The poem indicates that everyone actually enters the water on the edge of the pool the imaginative leap is taken by all, knowingly or unknowingly; "But many at that moment will not say/'This is the whirlpool, then.'" Such a venture, then, is a condition of human existence a moment of judgment we all must face, followed by salvation or damnation; win or defeat. Margaret Avison illustrates this with an image of eternal suffering through willing ignorance their bland-blank faces turn and turn/Pale and forever on the rim of suction/They will not recognize. The word forever in this context has hellish connotations and with the combination of bland-blank a mental image of zombies is presented. Their willed refusal to acknowledge the existence of the whirlpool saves such persons from the black but saves them only through bland-blank eyelessness and anonymity; and they are of course not saved but damned, locked into a whirlpool of their own dullness.

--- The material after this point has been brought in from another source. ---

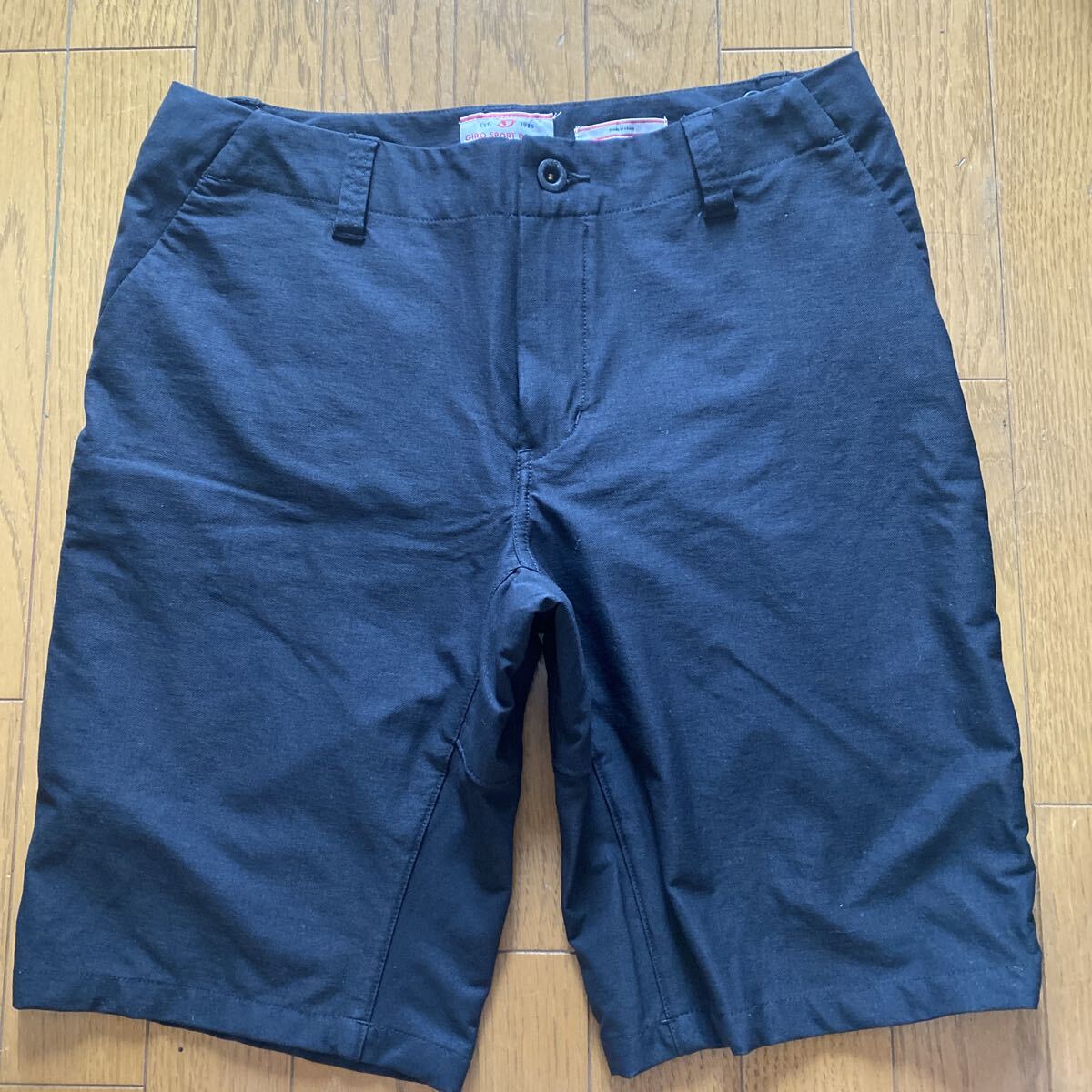 GIRO ジロ　ハーフパンツ　ブラック　サイズ31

Someone with a courageous outlook towards challenges believes that even losing is better than not trying Of those who dare the knowledge/Many are whirled into the ominous centre/That, gaping vertical, seals up/For them an eternal boon of privacy. Although the people who tried and failed will spend eternity in the centre of the whirlpool, at least their shame will not be flaunted like that of those who refused attempt. Instead, they are granted the boon of privacy to live their personal defeat in, until the next challenge arises. Margaret Avison illustrates so vividly the huge difference between a simple attempt and none at all. She creates a universal image to demonstrate the warm feeling that one often gets after an attempt even if this attempt ends in defeat.


Often, many may be afraid to do something in case they should fail, but Margaret Avison wants to portray to the readers to see that the public defeat of those who don't try is far worse than the private one of those who try and fail. The image in the poem is parallel to perhaps an exam in school; the exam is the challenge and if the challenge is ignored a mark of zero is awarded. If the challenge is met even a weak attempt in theory will reward a better mark than zero. Even if the pupil is unprepared for the exam they will be rewarded with a higher mark than zero. These challenges are meant not for the sole purpose of winning but to improve one's personality; increased responsibility, maturity, sensitivity, in whole something that will encourage a person to become wiser and a overall better person. Everyone is given an opportunity to do something about the challenges that they meet; only those who take that opportunity have a chance to win.